Para la Iglesia institucional como para la jerarquía, en cambio, Angelelli sigue siendo un gran signo de contradicción. Nunca los obispos se atrevieron a reconocerlo como mártir. Muchas veces se han escudado falazmente en la falta de pruebas judiciales sobre el asesinato cuando, en realidad, en la más sana tradición católica ése es un elemento totalmente secundario. Es la comunidad cristiana, a través de su testimonio, quien refrenda la condición de mártir de quien ha entregado su vida al servicio del evangelio. Muy probablemente la falta de reconocimiento eclesiástico a Angelelli tenga que ver también con el hecho de que la figura del riojano, su trayectoria y su opción de vida se levantan como evidencia de contradicción con el estilo de vida y las opciones de muchos jerarcas más afectos a los goces del poder que a los sinsabores del compartir con los pobres.

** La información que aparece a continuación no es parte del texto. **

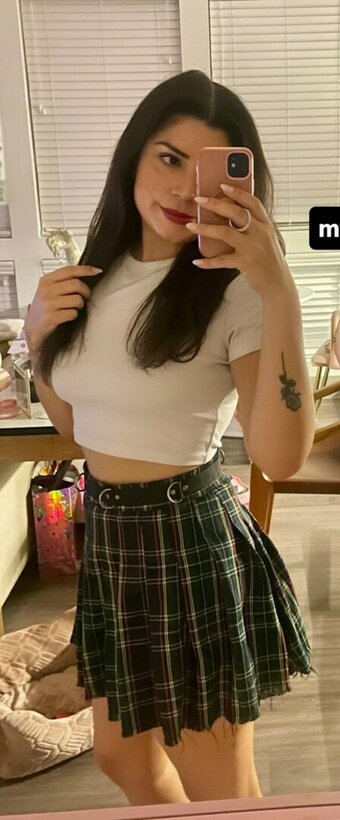 BriAnimator / BriAnimator_ / brianimator_lives / https: Nude Leaks Photo 10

A pesar de las tres décadas transcurridas, quizás la reapertura de la causa judicial pueda aportar no sólo datos sobre los responsables directos del asesinato, sino echar también luces sobre las razones del silencio eclesiástico. Sin dejar de recordar que el asesinato de Angelelli se produjo cuando el obispo se encontraba en plena investigación y aparentemente contaba con información valiosa acerca de los motivos de la muerte de dos de sus sacerdotes, Gabriel Longueville y Juan de Dios Murias, también asesinados pocos días antes. Esa documentación que portaba Angelelli el día de su muerte desapareció, nunca fue recuperada y el caso de los dos curas también quedó en las sombras.
Probablemente, la reapertura del caso no arroje datos sorprendentes en lo judicial, pero quizás sirva para remover conciencias y seguramente provocará más de un sacudón en el interior de la misma institución eclesiástica. De cualquier manera, es un paso adelante en favor de la memoria y la verdad.